Just as nature has its seasons, we as widows, also have seasons of grief.
In Ecclesiastes 3:1-8, (ESV) we read about the different seasons of life.
“For everything there is a season, and a time for every matter under heaven:
a time to be born, and a time to die;
a time to plant, and a time to pluck up what is planted;
a time to kill, and a time to heal;
a time to break down, and a time to build up;
a time to weep, and a time to laugh;
a time to mourn, and a time to dance;
a time to cast away stones, and a time to gather stones together;
a time to embrace, and a time to refrain from embracing;
a time to seek, and a time to lose;
a time to keep, and a time to cast away.”
A Time to Die
Like newly fallen snow covers the ground in winter, overwhelming shock, sadness, and despair envelopes us during that first season of grief. We struggle with the truth of verse 2 … “a time to die.” It’s difficult to comprehend the reality of what has happened. During this season, we wrestle with God in our attempt to make sense of this loss. And it’s ok; He understands our hearts and knows the pain of losing a loved one. But let’s always remember to rejoice in the certainty of eternity!

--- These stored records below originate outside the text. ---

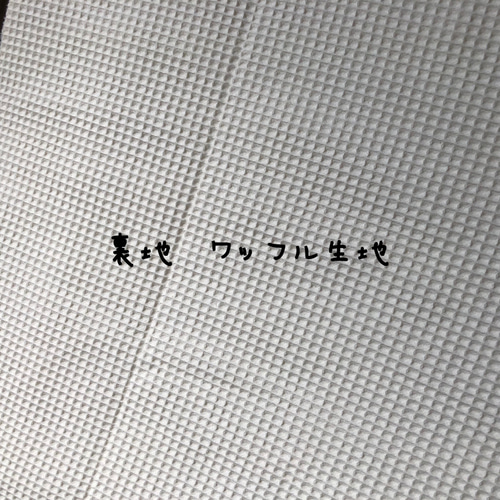 お名前入りカフェマット♡デニムポケット ブルー クッション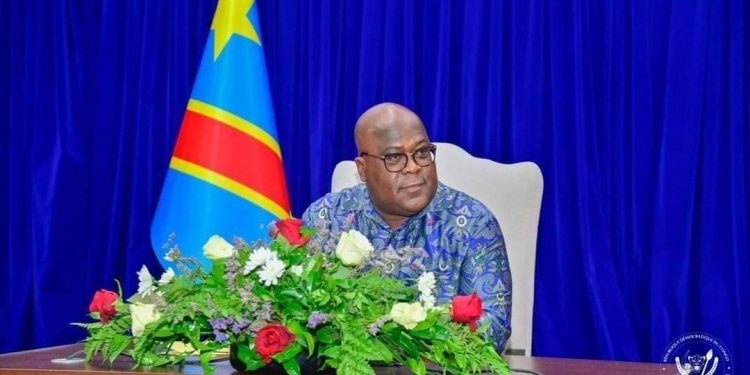 Enjeux politiques : Félix Tshisekedi veut recoller les morceaux de l&rsquo;Union sacrée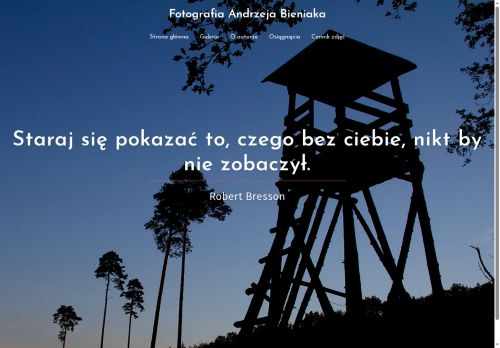 bieniak.pl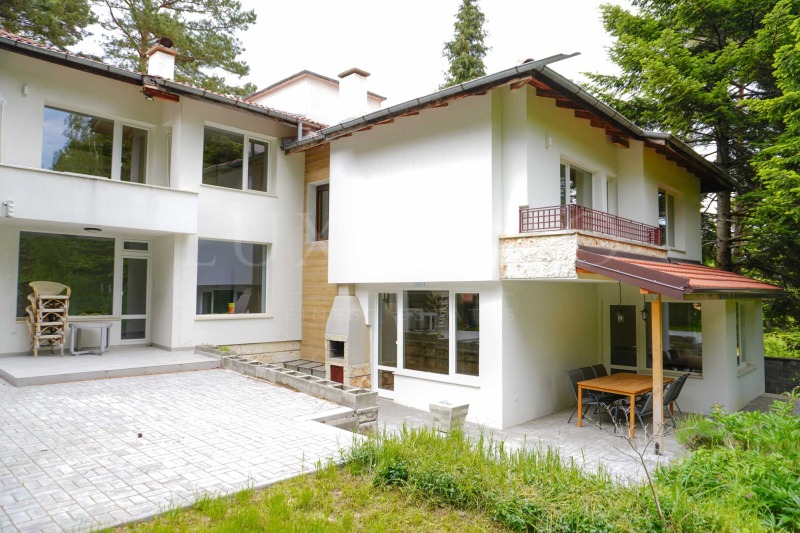 En renta  Casa Sofia , Dragalevtsi , 350 metros cuadrados | 99715954 - imagen [2]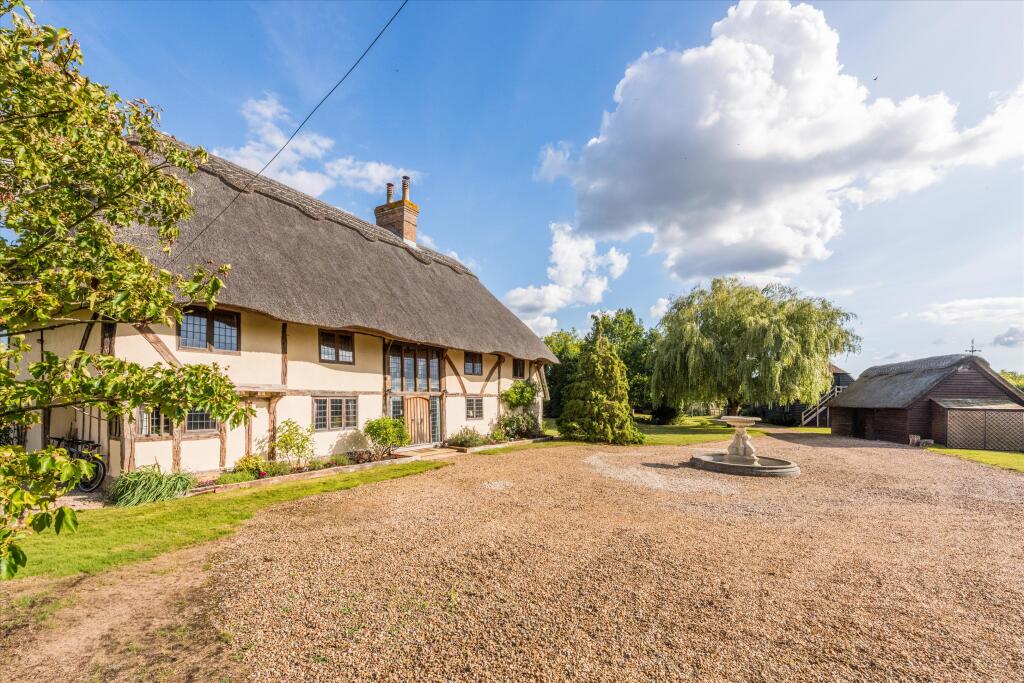 Main image of property: Copper Lane, Marden, Tonbridge, Kent, TN12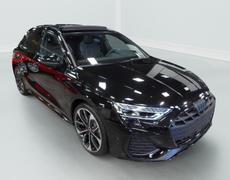 Audi A3 Hénin-Beaumont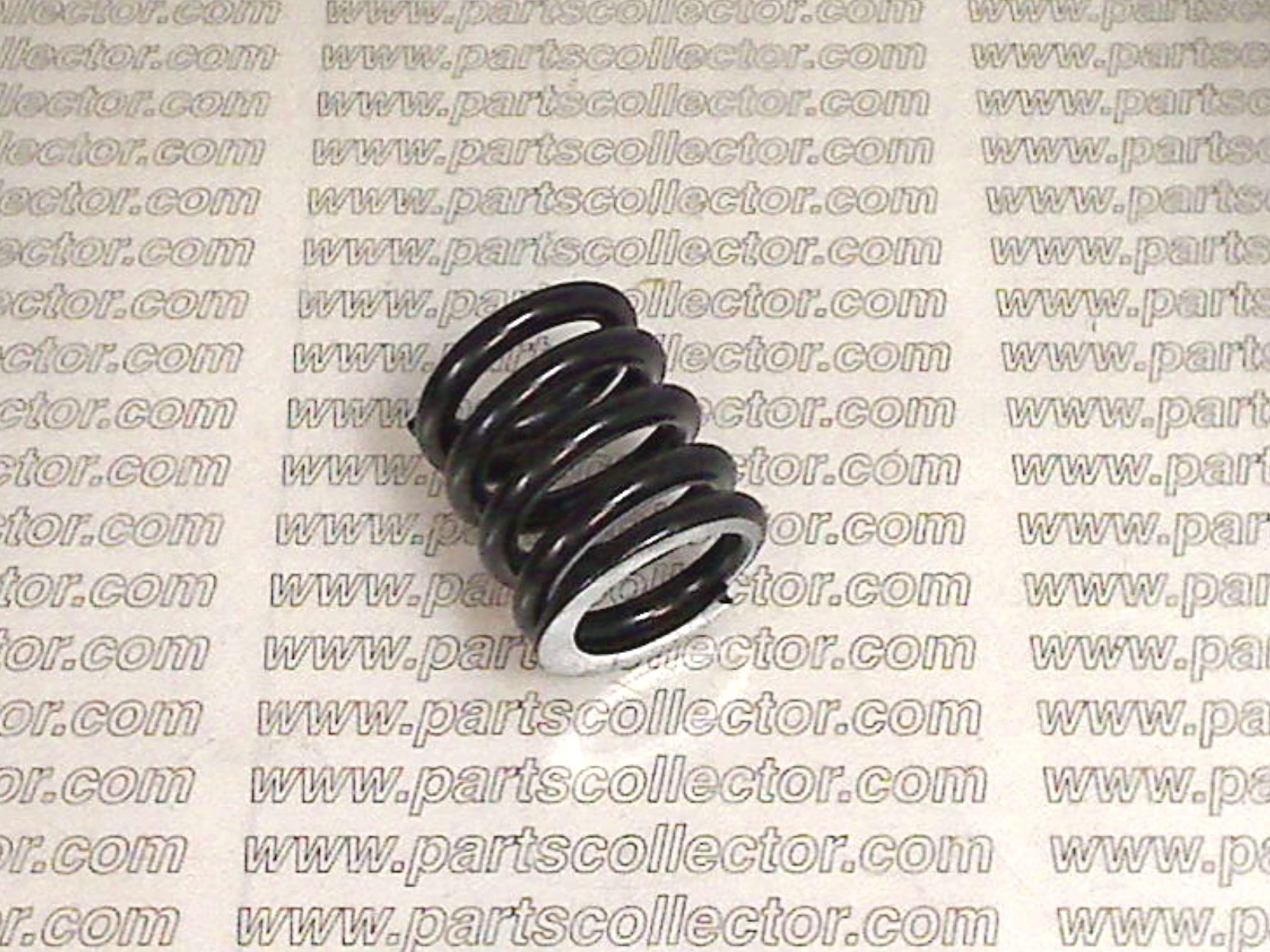 ENGINE MOUNT SPRING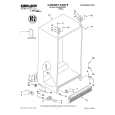 WHIRLPOOL SS22AEXHW02 Parts Catalog WHIRLPOOL SS22AEXHW02 Parts Catalog
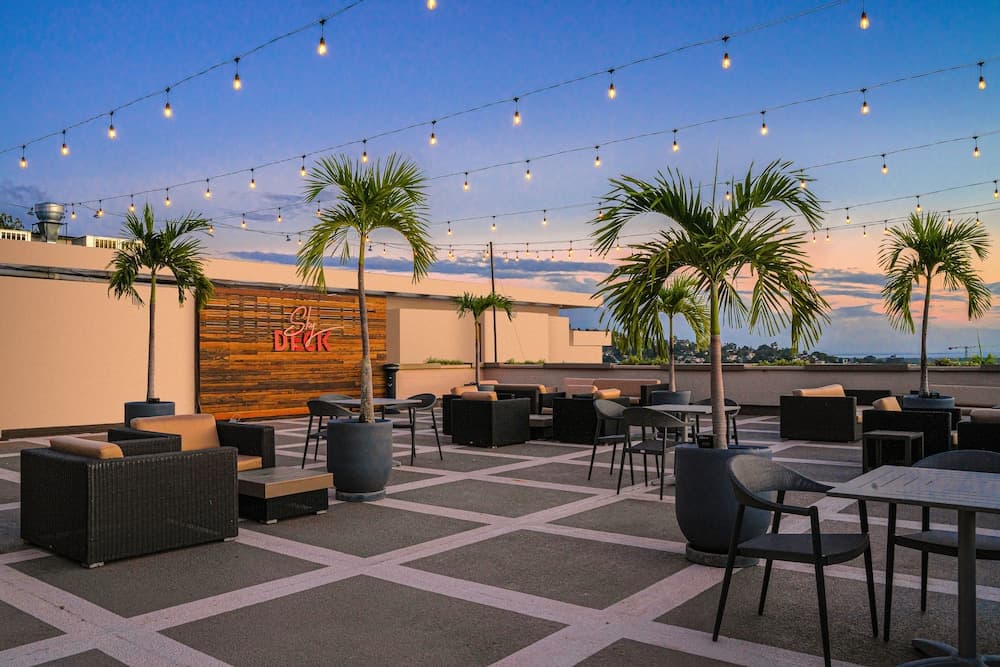 Hilton Trinidad & Conference Centre - Photo 105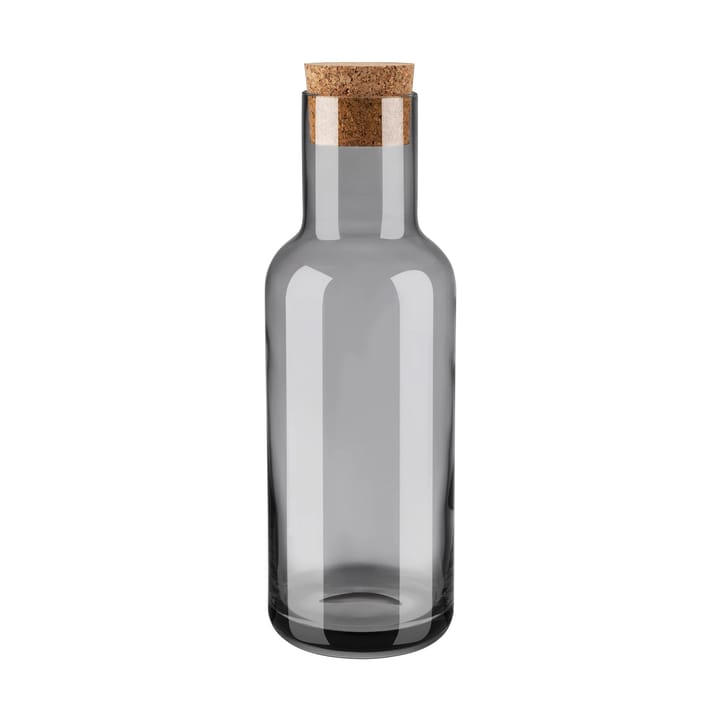 Fuumi カラフェ 1L, Smoke Blomus | ブロムス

For God so loved the world that he gave his one and only Son, that whoever believes in him shall not perish but have eternal life.
John 3:16 (NIV)
A Time to Push Through
As we move into the next season, the shock of our loss begins to wear off and we find ourselves struggling with conflicting emotions. Like the flowers that lay dormant in the frozen ground of winter and in the spring begin to push through the ground, it takes everything in us to move from moment to moment. Yet we know we need to keep going, pushing through. During this season it is necessary to allow ourselves to continue “a time to weep” but also remember there’s “a time to laugh” as we push through the “ground” of grief.
A Time to Heal
The third season of grief; summer if you will, is “a time to heal”. The intensity of our grief subsides as we begin to accept the reality of our loss. Peace and a renewed purpose in our lives emerge. In a sense, the sun begins to shine again! However, just like there are unexpected thunderstorms and rain in summer, we may experience sudden waves of grief that take us by surprise.
A Time to Build Up
The fourth season brings a sense of renewal and hope. As we continue to move forward in our grief journey, it’s “a time to build up.” Just like the fall season, color comes back into our life! We are energized to move into a new season, not of grief, but of life. A life that is different than we had planned for but, nonetheless, a life that has a story to tell and a hope to share!
These different seasons of grief are a normal part of the healing process, and it is essential to honor and acknowledge each season as it comes. Just as each season is unique, so is the grieving process unique to each individual; there is no timeline or right way to grieve.
Whatever season you are in, remember “For everything there is a season” and God is the keeper of the seasons!
Dear Lord, my prayer for my sisters is that whatever season they are in they will remember You make all things beautiful in its time. I pray they will submit to each season. And they do draw closer to You, experiencing the healing of their broken heart.